The big 4 bought back 2000 contracts, with the gold raptors (the smaller commercials apart from the big 8) buying back around 6500 contracts, reducing their net short position to 12,600 contracts. My sense is that another ten to twenty thousand net commercial gold short contracts were bought back on Wednesday's high volume gold price plunge. The gold market structure must now be considered bullish; although that doesn't necessarily insure that the price plunge is over.
In silver, there was a scant reduction of less than 200 contracts in the total commercial net short position, bringing that total position to 35,700 contracts. It's almost not worth breaking down the category change, as they were also in the hundreds and not thousands of contracts change. The main reason for the lack of big change in the silver COT was because prices were remarkably subdued during the reporting week, trading and finishing higher, not lower in price. However, as a result of Wednesday's deliberate and high volume sell-off, I would guess the total commercial net short position declined by 5,000 contracts or more.
The big COMEX silver short, JPMorgan, still holds at least 22,000 contracts net short. This is almost 5 times larger than the proposed position limit according to the formula used by the CFTC. There is no other such mismatch between the proposed level of position limits in any other commodity and the actual positions that are currently held. No wonder there is such stiff legal opposition by JPMorgan to any type of positions limits. I'll let you in on a dirty little secret. The securities industry (read JPMorgan) is not really opposed to position limits for commodities in general; they are only opposed to position limits in silver. It's just that the weasels will never admit that openly.

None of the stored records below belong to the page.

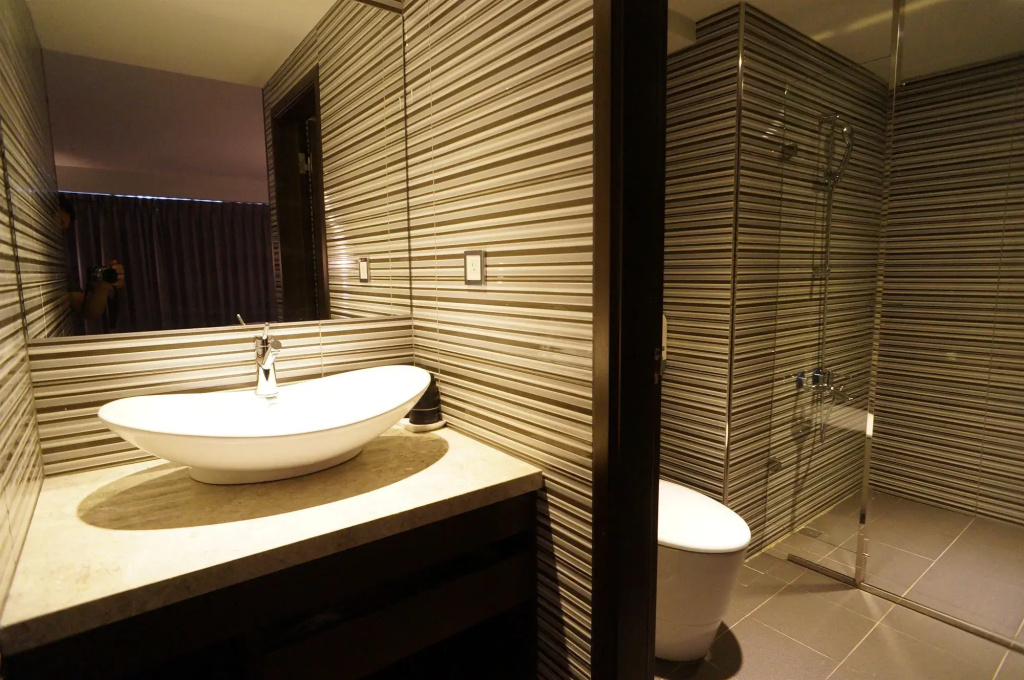 Talmud Hotel Yizhong - Général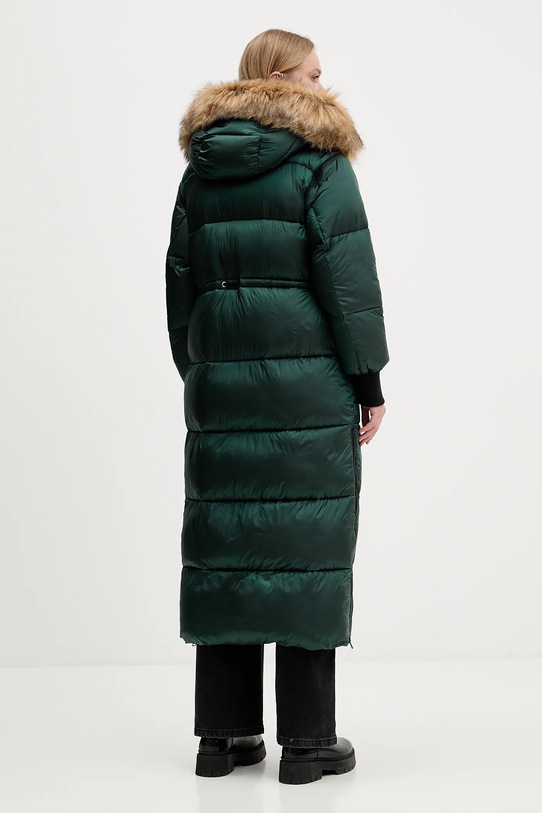 Îmbrăcăminte HUGO geacă 50547222 verde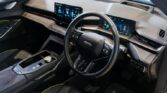2023 Haval H6 White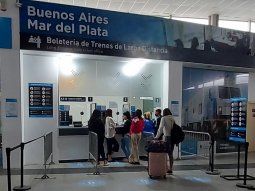 Habilitaron la venta de pasajes de larga distancia para noviembre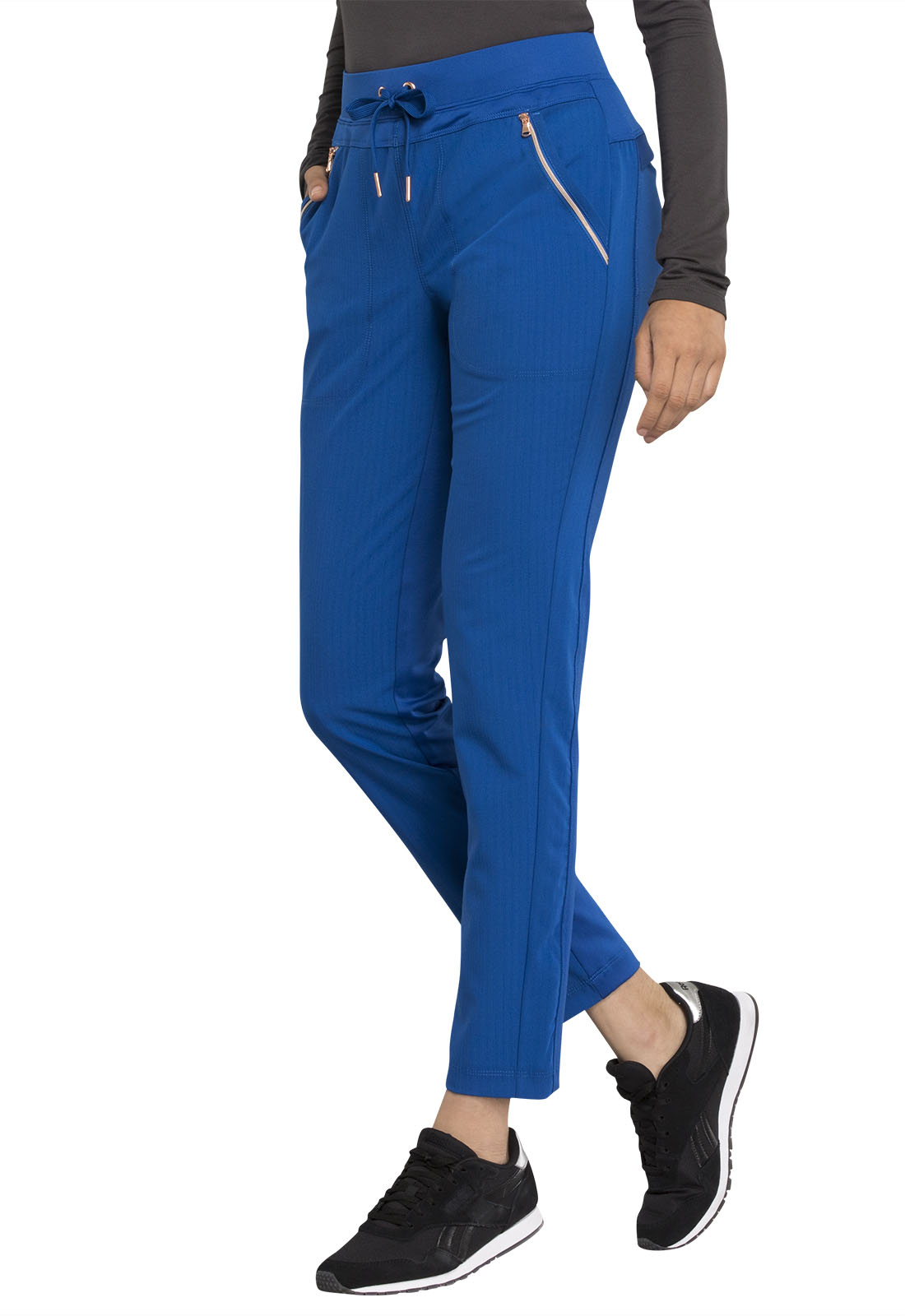 Cherokee Statement Mid Rise Tapered Leg Drawstring Pant - CK055 -  𝗖𝗟𝗘𝗔𝗥𝗔𝗡𝗖𝗘! - Best Value Medical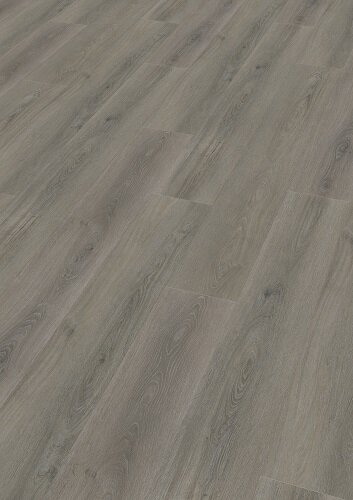 Duplex XXL M&M MONACO oak grey middle 2.5 mm design flor "kleben" Muster
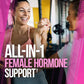 SUPERHUMAN® WOMAN - Hormone Balancing Performance Drink  - Alpha Lion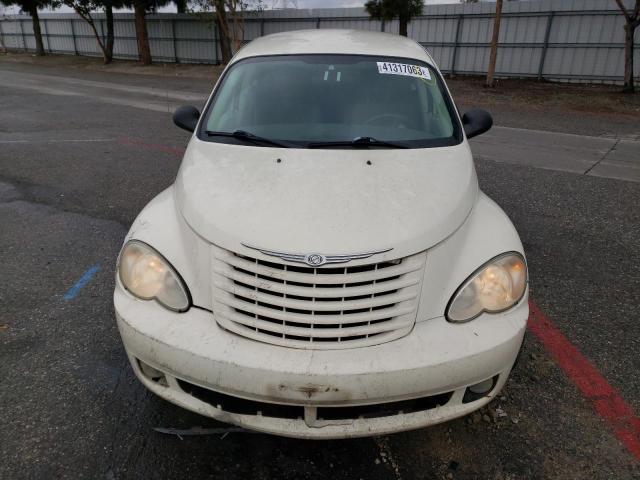 Photo 5 from auction – 2008 CHRYSLER PT CRUISER with VIN 3A8FY58BX8T202633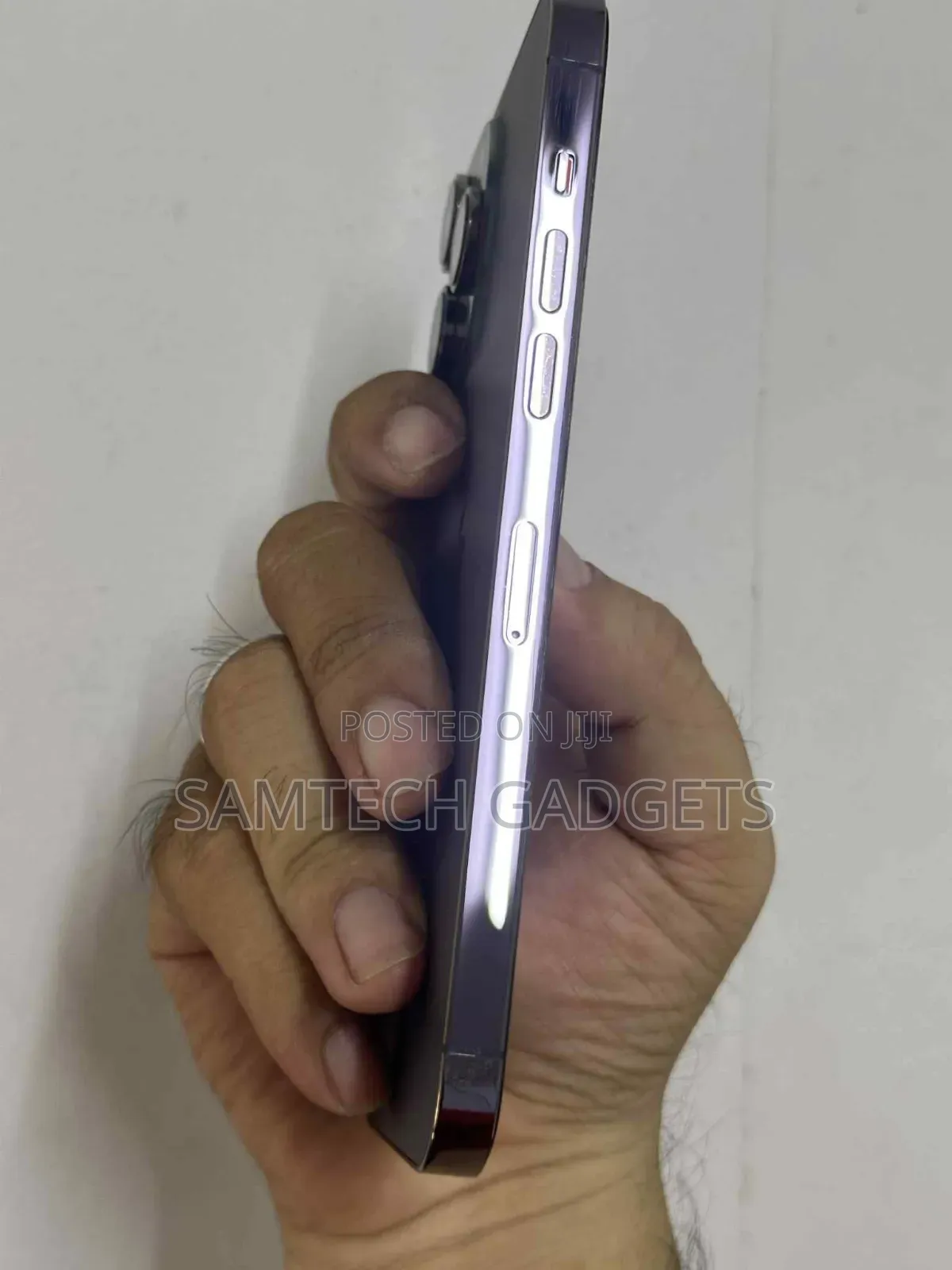 Apple iPhone 14 Pro Max 256 GB Purple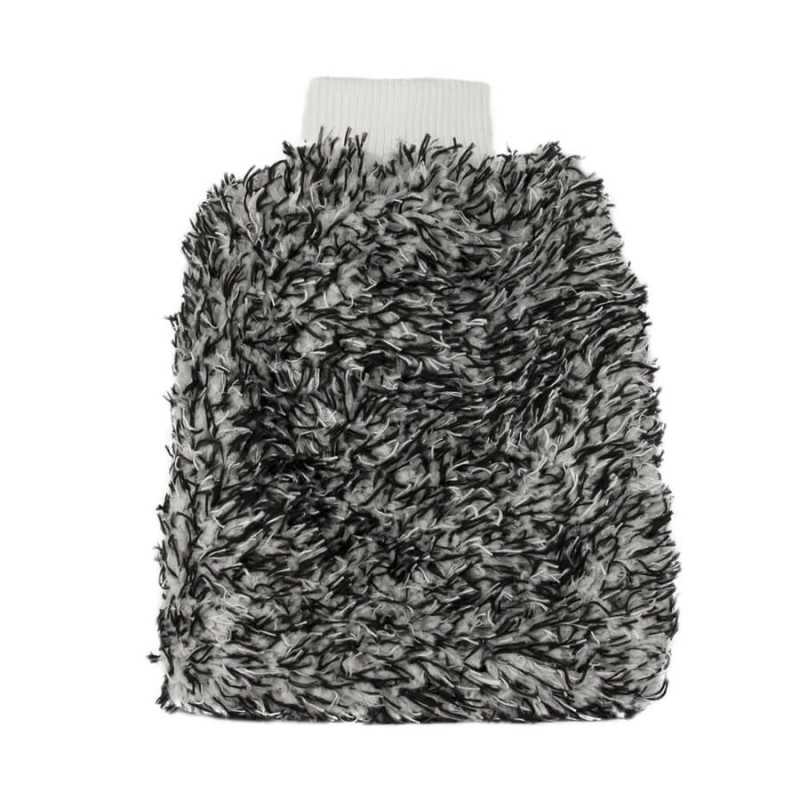 Innovacar Micron Wash Mitt – rękawica z mikrofibry do mycia auta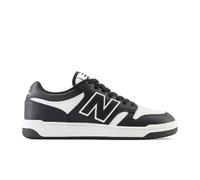 Turnschuhe Mann New Balance 480 WeißWeiß / 43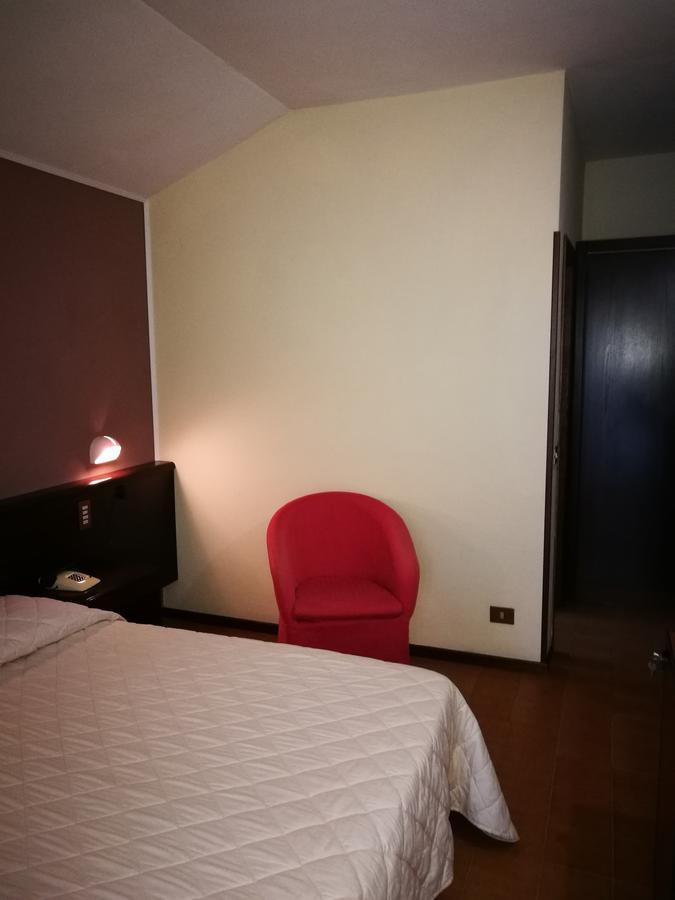 Hotel Firenze Chianciano Terme Εξωτερικό φωτογραφία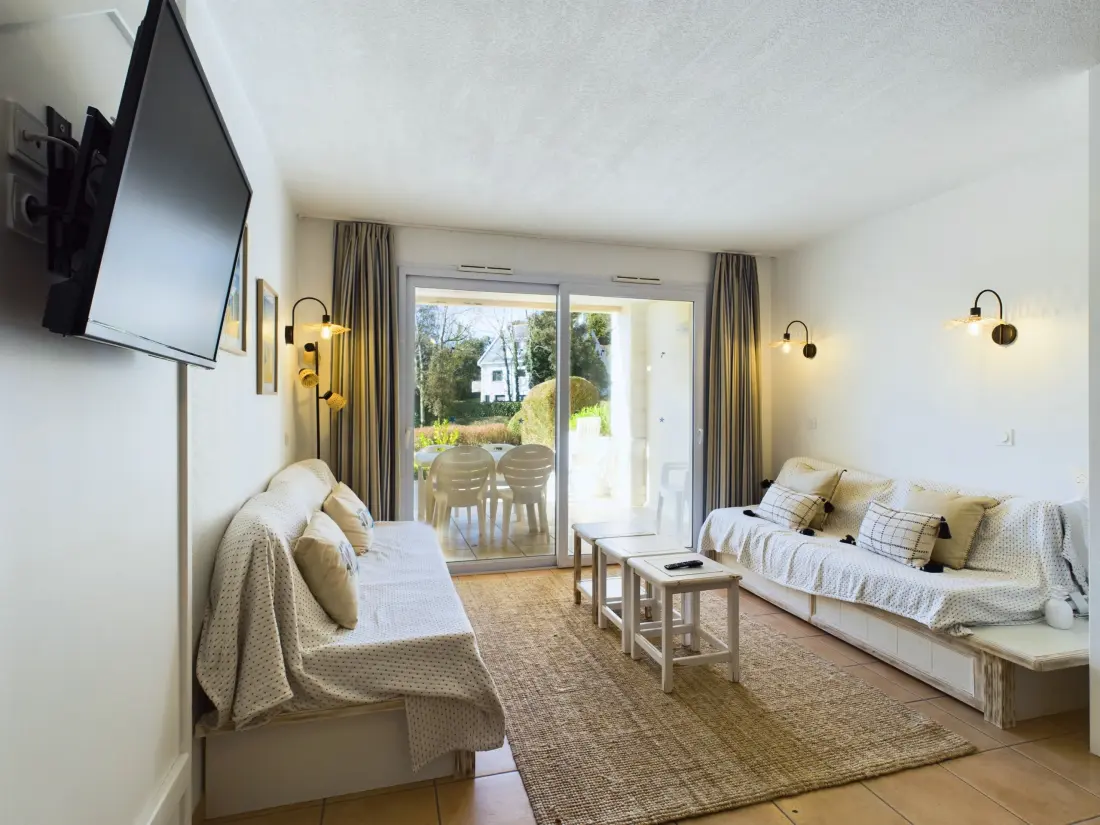 Appartements à La Baule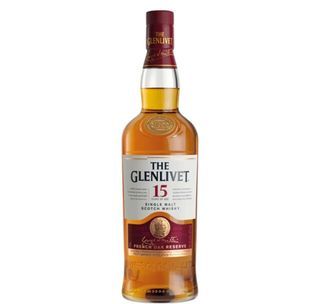 Chivas Regal 18 Year Old Gold Signature Blended Scotch Whisky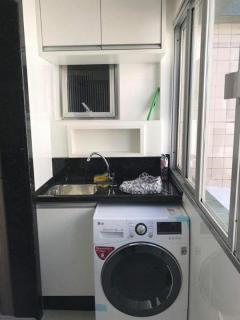 Crici&uacute;ma: APARTAMENTO SEMI MOBILIADO 3 DORMIT&Oacute;RIOS - ZONA SUL, BALNE&Aacute;RIO RINC&Atilde;O 10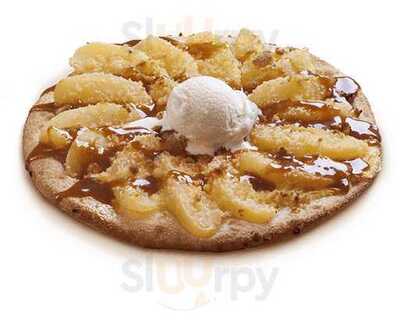 Pizza Capers Annerley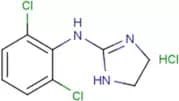 Clonidine hydrochloride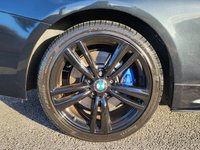 USED 2016 16 BMW 4 SERIES 3.0 435D XDRIVE M SPORT 2d 309 BHP [M-PERFORMANCE]  CAMERA | HK SOUND | 19" ALLOYS | FULL SERVICE HISTORY |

After removing all the spread transactions listed in the disaggregated COT report, JPMorgan's share of the total net COMEX open interest is still over 26% of the entire market. That level of concentration, in and of itself, is manipulative to the price of silver. I know I'm preaching to the choir here in repeating this fact, but it is still widely unknown away from here. As this fact becomes more widely known, I believe it will take on greater investor interest and regulatory response. That's the trouble with facts and truth; they can get very stubborn for those trying to subvert and obfuscate.
If my projections of what occurred after the Tuesday cut-off are accurate, we are back to bullish readings in the gold and silver COT market structure. In gold, we may be not far at all from the readings seen back at the lows in December and January. In silver, we have more room to go to approach the extreme readings at the lows in December, but part of me suggests we won't go back there because I doubt we'll get the unusual speculative short selling witnessed at that time. We can never underestimate the treachery and ruthlessness of the crooked commercials in rigging further sell-offs, but we must also recognize that there has been much improvement to this point.
I'd like to comment on a matter many of you sent to me over the past couple of days. Please continue to send me what you find important, as it greatly helps me on deciding what everyone is thinking and what I should comment on. This particular item concerned a letter to the CFTC by an alleged whistleblower who supposedly worked for JPMorgan. I didn't find the letter to be genuine for a number of reasons, including that it didn't have much credible content. Plus, it didn't seem to me to be the way a real whistleblower would contact the regulators. The letter appeared on the CFTC web site for only a short while before it was removed.
I admit to being somewhat surprised at the level of interest and acceptance the letter appeared to generate. And please don't think, for a moment, that I didn't want it to be genuine. After all, for more than 25 years I have been petitioning the CFTC to end the silver manipulation and doing everything I could to persuade others of its existence. Nothing would please me more than to see this ongoing crime brought to an end. That said, there is always a right way and a wrong way to do something. Making up stuff is never the right way.
The only credible content in the letter concerned the statement that JPMorgan held 25% of the COMEX silver market. Maybe I'm being overly sensitive, but I believe that was lifted from my analysis without permission. That's because I've never seen anyone ever use that number, except in acknowledging that it came from me. Plagiarism is a form of stealing and to resort to such an act diminishes whatever point is being made. I think it's good that the letter may have alerted people to the fact that silver has been manipulated in price, but it was not written in a completely above board manner. At least, that's my take.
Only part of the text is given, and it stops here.